Понемногу мы продвигаемся в очереди к кассе. Я зажимаю в руке две ложки, две вилки и две чайные ложечки — их при входе нам дал мрачного вида дядька. При этом предупредил, что, когда будем уходить, ложки и вилки надо сдать другому — тому, который напротив него стоит. Не сдадим — из столовой не выпустят.
— Для чего это? — удивляется мама. — Почему нельзя просто на столе оставить?
— Для того, дамочка, чтобы не разворовали. Один, у кого совесть есть, оставит, а другой к себе в карман сунет. Да еще пару чужих прихватит…
Теперь я гляжу в оба, чтобы кто-нибудь ненароком не похитил наши ложки и вилки. Все с большим подозрением поглядываю на парня, который непрестанно на меня напирает. Сам в замасленной спецовке, руки в мазуте, на взъерошенных волосах еле держится видавшая виды кепка: такие-то небось и охотятся за ложками. Резко отстраняюсь от него и тут же получаю крепкий подзатыльник.
— Я тебе что — котлета, что на вилку насаживаешь?!
Отскакиваю от мужчины, которого нечаянно кольнул. А он во весь голос ругается.
Конечно, все вокруг хохочут, а у меня от мощного леща голова гудит. Да еще мама по дороге к столу отчитывает:
— С тобой на людях показаться нельзя!
Виновато помалкиваю. Хотя, если как следует разобраться, не так уж я виноват в случившемся. Разве было бы лучше, если бы тот мазурик наши вилки спер?
Взять значившиеся в меню ростбиф или гуляш мама не рискнула — кушанья неизвестные, да и к тому же дорогие. Поколебавшись немного, заказала вместо них две порции котлет и два стакана какао.
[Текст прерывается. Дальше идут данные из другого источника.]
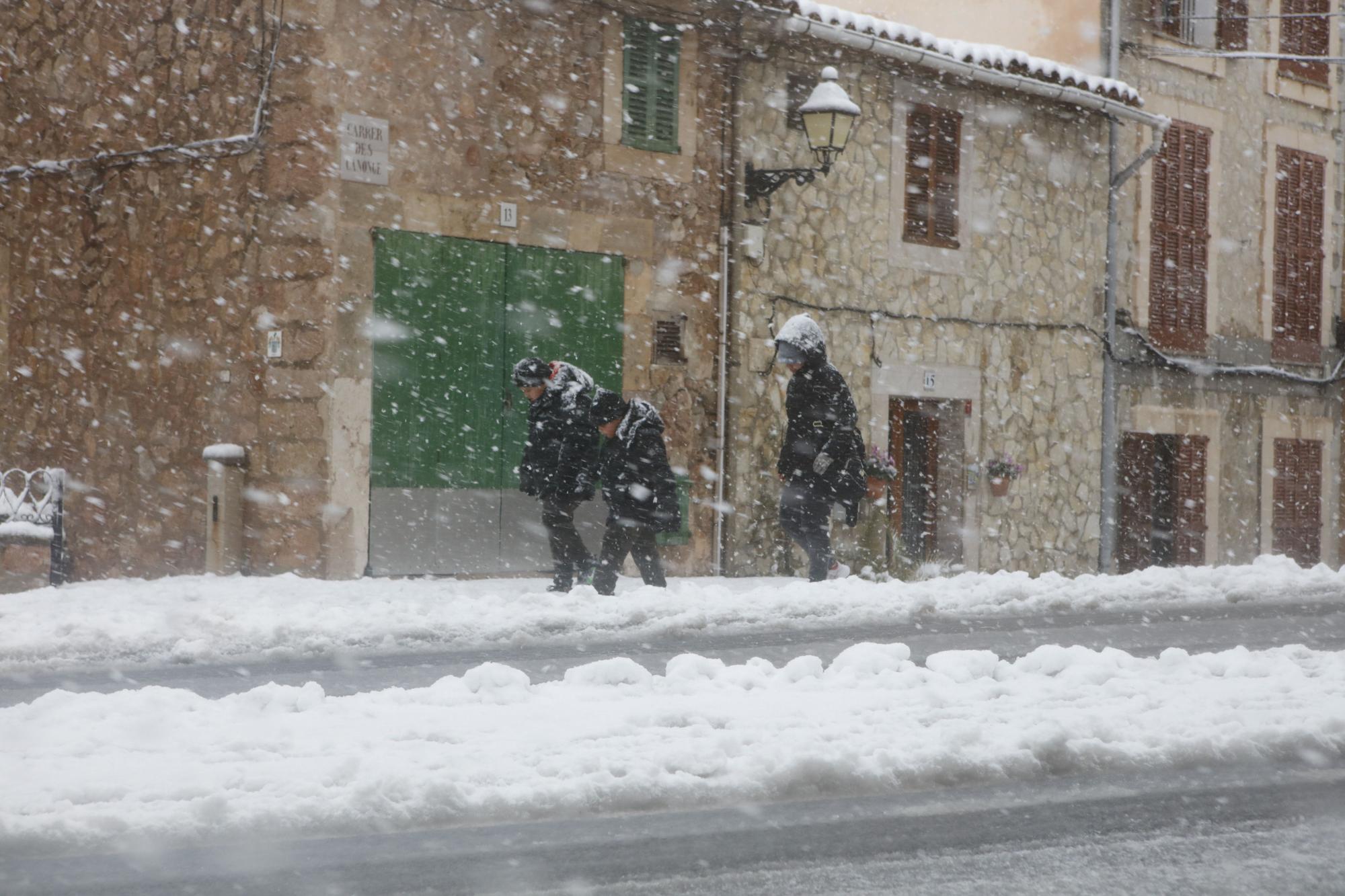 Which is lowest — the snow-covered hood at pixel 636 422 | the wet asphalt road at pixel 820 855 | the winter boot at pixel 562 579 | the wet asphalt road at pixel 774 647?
the wet asphalt road at pixel 820 855

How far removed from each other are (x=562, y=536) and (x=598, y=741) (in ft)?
18.0

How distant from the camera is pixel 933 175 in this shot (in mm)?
15625

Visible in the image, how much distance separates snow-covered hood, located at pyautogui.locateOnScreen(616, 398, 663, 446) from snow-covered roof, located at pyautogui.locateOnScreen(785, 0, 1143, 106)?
476cm

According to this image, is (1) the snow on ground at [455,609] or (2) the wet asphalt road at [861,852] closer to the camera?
(2) the wet asphalt road at [861,852]

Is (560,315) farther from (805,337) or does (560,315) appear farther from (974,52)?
(974,52)

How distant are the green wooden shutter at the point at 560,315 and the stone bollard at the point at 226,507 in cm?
202

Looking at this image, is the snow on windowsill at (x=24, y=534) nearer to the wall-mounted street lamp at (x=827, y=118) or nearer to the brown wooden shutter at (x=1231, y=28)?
the wall-mounted street lamp at (x=827, y=118)

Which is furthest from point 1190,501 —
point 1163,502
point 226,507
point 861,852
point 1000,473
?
point 861,852

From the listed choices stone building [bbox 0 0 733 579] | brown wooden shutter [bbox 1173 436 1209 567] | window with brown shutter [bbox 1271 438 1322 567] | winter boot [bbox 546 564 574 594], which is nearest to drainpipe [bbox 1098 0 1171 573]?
brown wooden shutter [bbox 1173 436 1209 567]

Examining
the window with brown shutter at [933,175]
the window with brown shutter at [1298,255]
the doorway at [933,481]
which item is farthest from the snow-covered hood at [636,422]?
the window with brown shutter at [1298,255]

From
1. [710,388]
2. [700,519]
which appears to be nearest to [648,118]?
[710,388]

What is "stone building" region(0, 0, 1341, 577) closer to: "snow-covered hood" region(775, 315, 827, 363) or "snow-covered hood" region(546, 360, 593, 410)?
"snow-covered hood" region(546, 360, 593, 410)

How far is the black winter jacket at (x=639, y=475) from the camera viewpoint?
391 inches

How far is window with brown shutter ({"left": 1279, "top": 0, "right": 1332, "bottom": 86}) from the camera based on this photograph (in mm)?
19578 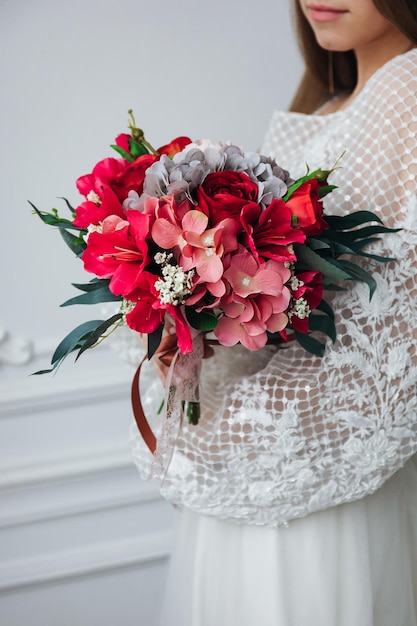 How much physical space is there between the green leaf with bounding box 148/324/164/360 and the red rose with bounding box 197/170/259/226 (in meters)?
0.17

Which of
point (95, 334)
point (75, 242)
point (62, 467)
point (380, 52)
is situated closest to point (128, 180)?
point (75, 242)

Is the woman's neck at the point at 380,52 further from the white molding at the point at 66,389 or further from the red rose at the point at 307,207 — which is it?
the white molding at the point at 66,389

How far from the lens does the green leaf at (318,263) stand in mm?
907

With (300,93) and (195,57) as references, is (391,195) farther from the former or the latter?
(195,57)

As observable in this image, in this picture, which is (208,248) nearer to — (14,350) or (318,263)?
(318,263)

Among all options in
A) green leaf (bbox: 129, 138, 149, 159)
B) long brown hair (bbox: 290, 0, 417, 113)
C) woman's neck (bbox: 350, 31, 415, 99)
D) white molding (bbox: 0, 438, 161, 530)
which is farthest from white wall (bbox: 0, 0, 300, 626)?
green leaf (bbox: 129, 138, 149, 159)

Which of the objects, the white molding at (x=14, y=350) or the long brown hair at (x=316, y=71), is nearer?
the long brown hair at (x=316, y=71)

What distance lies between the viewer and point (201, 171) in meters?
0.87

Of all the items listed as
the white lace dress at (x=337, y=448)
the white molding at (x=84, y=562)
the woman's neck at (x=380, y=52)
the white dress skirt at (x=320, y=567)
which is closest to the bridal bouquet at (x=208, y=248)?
the white lace dress at (x=337, y=448)

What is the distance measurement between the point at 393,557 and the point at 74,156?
3.66 ft

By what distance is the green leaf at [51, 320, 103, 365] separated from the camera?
0.90 meters

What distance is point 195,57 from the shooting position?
1.59 m

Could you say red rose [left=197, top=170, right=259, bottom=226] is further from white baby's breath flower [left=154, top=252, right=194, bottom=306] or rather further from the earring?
the earring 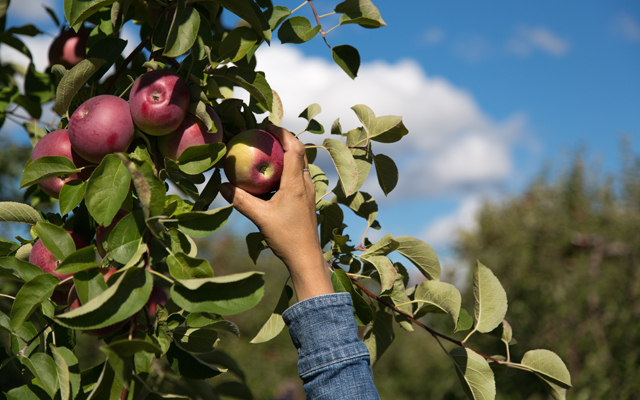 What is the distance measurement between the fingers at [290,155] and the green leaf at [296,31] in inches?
8.1

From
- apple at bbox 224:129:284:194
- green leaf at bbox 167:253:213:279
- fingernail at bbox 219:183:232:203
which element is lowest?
green leaf at bbox 167:253:213:279

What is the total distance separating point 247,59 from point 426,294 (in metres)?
0.64

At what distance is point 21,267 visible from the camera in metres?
0.80

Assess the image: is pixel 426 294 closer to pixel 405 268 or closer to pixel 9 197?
pixel 405 268

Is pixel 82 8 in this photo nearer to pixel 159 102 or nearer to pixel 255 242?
pixel 159 102

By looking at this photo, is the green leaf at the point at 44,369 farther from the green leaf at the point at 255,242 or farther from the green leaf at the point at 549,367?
the green leaf at the point at 549,367

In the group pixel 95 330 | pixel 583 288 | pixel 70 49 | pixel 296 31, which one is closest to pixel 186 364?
pixel 95 330

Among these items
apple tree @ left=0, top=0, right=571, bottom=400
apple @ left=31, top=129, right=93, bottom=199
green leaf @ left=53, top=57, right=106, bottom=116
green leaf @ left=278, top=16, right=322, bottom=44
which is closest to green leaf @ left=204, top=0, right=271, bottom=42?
apple tree @ left=0, top=0, right=571, bottom=400

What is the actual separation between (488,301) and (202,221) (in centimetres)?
73

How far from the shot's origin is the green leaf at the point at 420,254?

Пробовать котлеты мне уже доводилось, а вот какао — никогда. Хотя как-то раз видел раздавленную пустую коробку из-под него, на которой была надпись «Золотой ярлык». От коробки шел таинственный и волнующий запах, и в моем воображении возникали далекие заморские края, караваны верблюдов, толстобокие корабли, смуглые пираты. И вот этот сказочный напиток стоит передо мной, и я его буду пить, как только доем котлету.
— Не спеши, — говорит мама, смущенно оглядываясь вокруг. — Ты как будто сто дней ничего не ел.
Проглотив побыстрее котлету, я наконец-то припал к своему стакану, наслаждаясь душистым напитком…
Домой возвращались уже вечером, так как все-таки и в кино сходили. И кого, как бы вы думали, увидели мы, когда из вагона вышли? Сергейку!
Мама своим глазам не поверила:
— Ты?.. Да как ты тут оказался?
Молчит — ни гугу.
— Дома ты хоть был?
Об этом мама могла бы и не спрашивать. Сергейка с головы до пят был покрыт мазутом и выглядел как трубочист после дня работы.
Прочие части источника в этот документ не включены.